Eyibi/Eluku festival
- Language: Yoruba

Origin
- Meaning: Local Wrestling
- Region of origin: Yoruba Region, Nigeria

= Eluku =

Festival in Nigeria by the Yorubas

Eyibi/Eluku Festival is an event celebrated by towns and settlements in Ikorodu area of Lagos state and some other parts of Yoruba land. It is an annual traditional festival that is of patriarchal nature, as it is only celebrated by male descendants who are paternal natives to the town.
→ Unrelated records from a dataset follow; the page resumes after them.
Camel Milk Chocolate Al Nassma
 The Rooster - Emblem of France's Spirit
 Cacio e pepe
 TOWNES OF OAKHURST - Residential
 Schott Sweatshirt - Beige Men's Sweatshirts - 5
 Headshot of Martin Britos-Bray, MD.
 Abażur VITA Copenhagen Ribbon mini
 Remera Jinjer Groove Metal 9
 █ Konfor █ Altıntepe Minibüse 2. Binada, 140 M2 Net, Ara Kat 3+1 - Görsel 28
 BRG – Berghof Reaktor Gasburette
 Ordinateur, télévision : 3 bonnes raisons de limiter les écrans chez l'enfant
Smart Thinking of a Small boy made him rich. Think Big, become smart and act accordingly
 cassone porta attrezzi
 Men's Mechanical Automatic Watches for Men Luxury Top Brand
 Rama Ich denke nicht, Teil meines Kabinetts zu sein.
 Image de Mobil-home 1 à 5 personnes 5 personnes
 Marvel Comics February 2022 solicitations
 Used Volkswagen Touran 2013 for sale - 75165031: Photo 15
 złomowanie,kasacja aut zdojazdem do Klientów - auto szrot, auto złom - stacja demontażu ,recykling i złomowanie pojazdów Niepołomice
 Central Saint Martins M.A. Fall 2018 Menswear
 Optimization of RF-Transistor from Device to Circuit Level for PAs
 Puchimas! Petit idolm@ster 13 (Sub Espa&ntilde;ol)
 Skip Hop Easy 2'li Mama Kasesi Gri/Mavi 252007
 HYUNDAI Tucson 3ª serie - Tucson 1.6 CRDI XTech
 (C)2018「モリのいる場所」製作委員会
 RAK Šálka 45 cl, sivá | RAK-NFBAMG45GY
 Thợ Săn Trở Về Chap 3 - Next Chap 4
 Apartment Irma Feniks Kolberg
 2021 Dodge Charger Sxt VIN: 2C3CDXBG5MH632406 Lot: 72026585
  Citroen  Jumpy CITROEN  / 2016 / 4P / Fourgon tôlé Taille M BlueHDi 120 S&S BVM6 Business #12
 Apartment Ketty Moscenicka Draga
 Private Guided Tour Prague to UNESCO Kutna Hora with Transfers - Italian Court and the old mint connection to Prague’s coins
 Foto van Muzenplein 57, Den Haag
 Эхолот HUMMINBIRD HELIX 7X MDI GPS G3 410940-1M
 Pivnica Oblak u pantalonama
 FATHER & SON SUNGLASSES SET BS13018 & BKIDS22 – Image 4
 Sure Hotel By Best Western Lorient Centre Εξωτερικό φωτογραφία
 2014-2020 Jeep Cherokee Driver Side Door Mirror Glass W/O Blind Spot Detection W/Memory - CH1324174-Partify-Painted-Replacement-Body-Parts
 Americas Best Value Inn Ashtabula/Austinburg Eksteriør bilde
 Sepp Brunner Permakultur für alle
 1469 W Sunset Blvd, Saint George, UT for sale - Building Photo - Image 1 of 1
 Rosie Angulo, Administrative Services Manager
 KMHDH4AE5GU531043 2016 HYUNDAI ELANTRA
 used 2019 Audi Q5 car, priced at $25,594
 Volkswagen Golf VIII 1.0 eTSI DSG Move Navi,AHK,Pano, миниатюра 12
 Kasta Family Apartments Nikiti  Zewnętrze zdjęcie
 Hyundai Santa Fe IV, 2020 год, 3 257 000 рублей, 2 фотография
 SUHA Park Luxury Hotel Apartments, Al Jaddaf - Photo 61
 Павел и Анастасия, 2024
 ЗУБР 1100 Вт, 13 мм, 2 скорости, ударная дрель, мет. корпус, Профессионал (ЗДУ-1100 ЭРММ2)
It is also to be noted that it is for males who are specifically natives of Ikorodu.

The Eluku festival is a version of the general Yoruba Oro festival.

During the festival, females and non-natives stay indoors usually for 24 hours, but the economic growth of the town has restricted the time to around 12 hours and also to some selected locations in the township;around the palace and the shrine.

Traditionally the festival is known as Eyibi Festival which is peaked by the outing of the deity called ELUKU. The activities and restrictions that goes with the outing of the Eluku has overshadowed the Eyibi festival; non natives and foreigners have indirectly changed the name of the festival to Eluku Festival.

Eluku is believed to be the executioner of judgement on those found guilty breaking the laws and ignoring customs of the Town.

Eyibi/Eluku festival is 1 of the 4 major festivals in Ikorodu. It is sacred to the Natives.